Close

Ligue 1 : le podium de Brest menacé, Nice assure sa place en Coupe d’Europe

Le milieu brestois Mathias Pereira Lage (maillot rouge) sous la pression du Niçois Benjamin Stambouli, le 10 mai 2024, au Stade Francis-Le Blé, à Brest (Finistère).

Le Stade brestois va-t-il réussir à s’accrocher au podium jusqu’au bout ? En panne de réussite, l’équipe bretonne n’a pu faire mieux qu’un match nul (1-1) contre Reims, vendredi 10 mai, pour la 33e et avant-dernière journée de Ligue 1. Ce résultat la place sous la menace de Lille et Nice, qui pourraient lui ravir, au final, la troisième place du classement, synonyme de qualification directe pour la Ligue des champions.
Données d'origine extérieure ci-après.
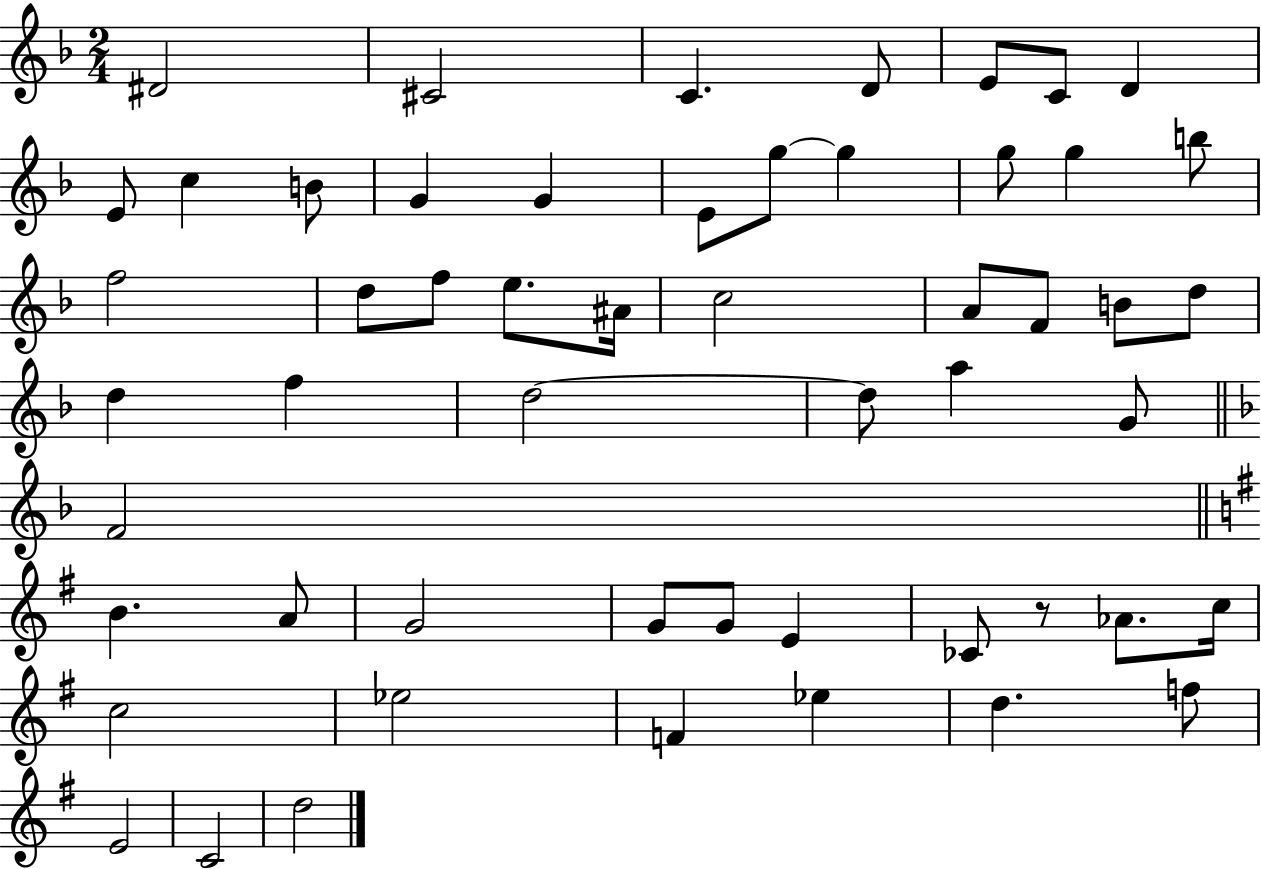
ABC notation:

X:1
T:Untitled
M:2/4
L:1/4
K:F
^D2 ^C2 C D/2 E/2 C/2 D E/2 c B/2 G G E/2 g/2 g g/2 g b/2 f2 d/2 f/2 e/2 ^A/4 c2 A/2 F/2 B/2 d/2 d f d2 d/2 a G/2 F2 B A/2 G2 G/2 G/2 E _C/2 z/2 _A/2 c/4 c2 _e2 F _e d f/2 E2 C2 d2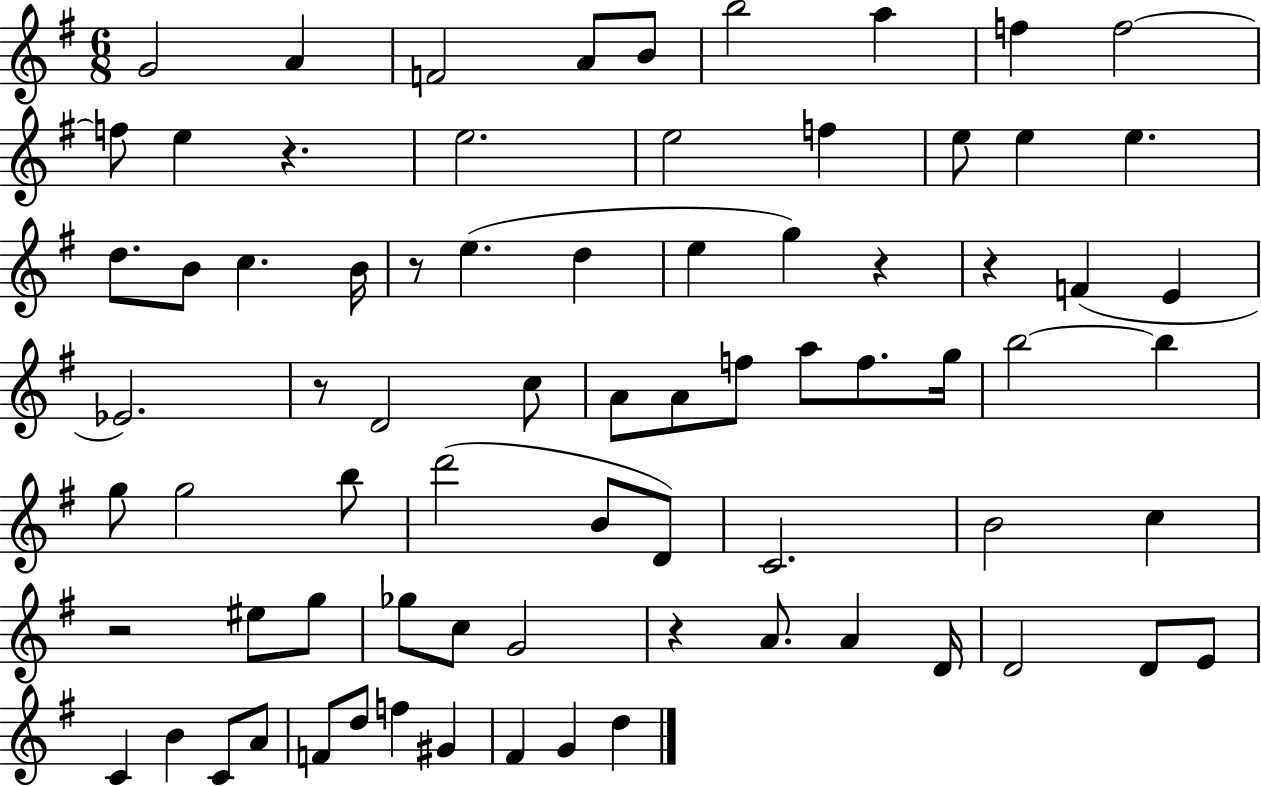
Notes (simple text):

G4/h A4/q F4/h A4/e B4/e B5/h A5/q F5/q F5/h F5/e E5/q R/q. E5/h. E5/h F5/q E5/e E5/q E5/q. D5/e. B4/e C5/q. B4/s R/e E5/q. D5/q E5/q G5/q R/q R/q F4/q E4/q Eb4/h. R/e D4/h C5/e A4/e A4/e F5/e A5/e F5/e. G5/s B5/h B5/q G5/e G5/h B5/e D6/h B4/e D4/e C4/h. B4/h C5/q R/h EIS5/e G5/e Gb5/e C5/e G4/h R/q A4/e. A4/q D4/s D4/h D4/e E4/e C4/q B4/q C4/e A4/e F4/e D5/e F5/q G#4/q F#4/q G4/q D5/q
Avec 58 points, mais une différence de buts moins bonne que celle des Nordistes, qui sont à 3 points, Brest pourrait se voir dépasser en cas de victoire du LOSC face à Nantes, dimanche. Et Nice, qui, grâce à son succès face au Havre vendredi soir (1-0), pointe en 5e position avec 54 unités et un match en moins, est aussi mathématiquement capable de coiffer les Brestois au poteau. Il faudrait pour cela que ces derniers perdent à Toulouse, pour la dernière journée, et Lille et Nice s’affronteront justement pour la 34e levée.
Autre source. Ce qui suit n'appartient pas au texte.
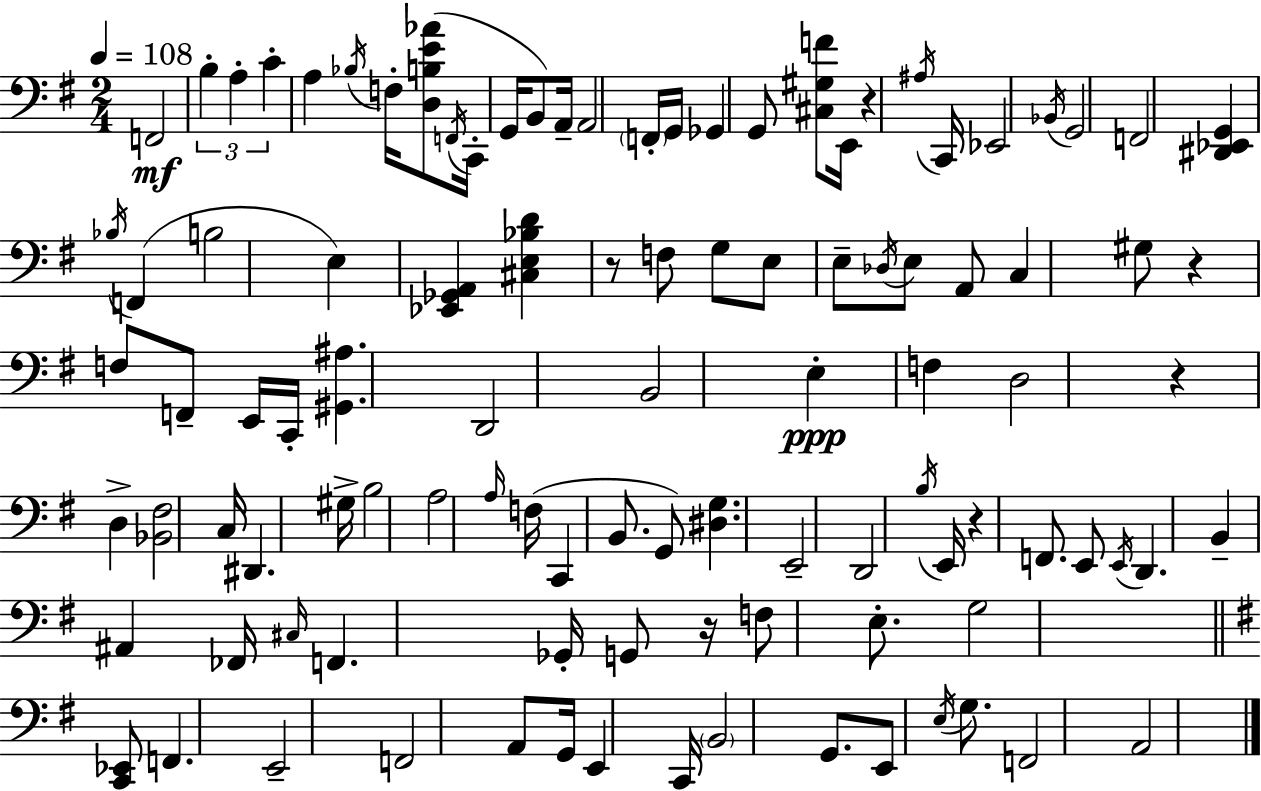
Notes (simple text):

Vendredi, sans Pierre Lees-Melou, venu recevoir son prix de meilleur joueur brestois de la saison avant le match, mais dont la saison est terminée après une fracture du péroné, et Romain Del Castillo, en délicatesse avec un mollet, Brest a de nouveau manqué d’inspiration, de créativité et, pour tout dire, parfois de talent.

De l’engagement, de la combativité et de la générosité, il y en a eu à revendre, en revanche, et face à Reims, qui a redressé la tête après l’humiliation contre Clermont (4-1), c’était indispensable. Car les Brestois ont trouvé du répondant athlétique chez l’équipe dirigée pour la première fois par Samba Diawara, chargé de finir la saison après la mise à l’écart de Will Still.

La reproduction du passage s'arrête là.